Our project attacks the following problem: can one engineer viruses to selectively kill or modify specific subpopulations of target cells, based on their RNA or protein expression profiles?

This addresses an important issue in gene therapy, where viruses engineered for fine target discrimination would selectively kill only those cells over- or under-expressing specific disease or cancer associated genes. Alternatively, these viruses could be used to discriminate between strains in a bacterial co-culture, allowing strain-specific modification or lysis.

This is clearly an ambitious goal, so we brainstormed a simple model of this problem suitable for undergraduates working over a summer. The bacteriophage λ is a classic, well studied virus capable of infecting E. coli, another classic model genetic sytem. We therefore seek to engineer a λ strain targeted to lyse specific subpopulations of E. coli based on their transcriptional profiles. Together, λ and E. coli provide a tractable genetic model for this larger problem, while hopefully providing lessons applicable to more ambitious, future projects.

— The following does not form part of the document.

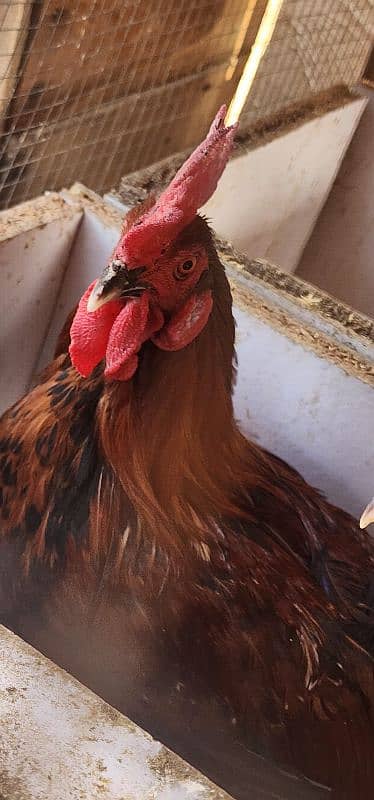 Egg Laying Golden Misiri Desi Hens Ghar ki 4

For details on our design, please see our Project page. For a brief description of our results, see the Highlights page

About iGEM

Synthetic biology implies the modification of existing biological pathways or construction of new systems to perform useful tasks, as well as the development of foundational technologies to allow for the more reliable design of biological systems. Many major problems in the field stem from the perceived unreliable and variable nature of complex biological systems. Most biological systems exhibit inherent variations in system behavior. These variations, along with the current lack of understanding around organizing principles in biological systems, limit the ability to engineer reliable biological systems. If foundational technologies can be developed that allow for standardization, decoupling, and abstraction, synthetic biology will expand to an engineering discipline that will advance applications in many fields. If successful, engineers could design and construct new systems in relatively short periods of time using well-characterized parts.

The International Genetically Engineered Machine (iGEM) competition involves the design and implementation of a synthetic biological system. Construction requires combining newly constructed with an existing library of known parts in new ways to construct a novel system. The project has two goals: firstly to create an interesting device for iGEM, and secondly to determine the viability of using standardized parts. The Caltech iGEM project focuses on using viruses to selectively kiss host cells, with the viral decision resting on whether the host produces a correct riboregulator key.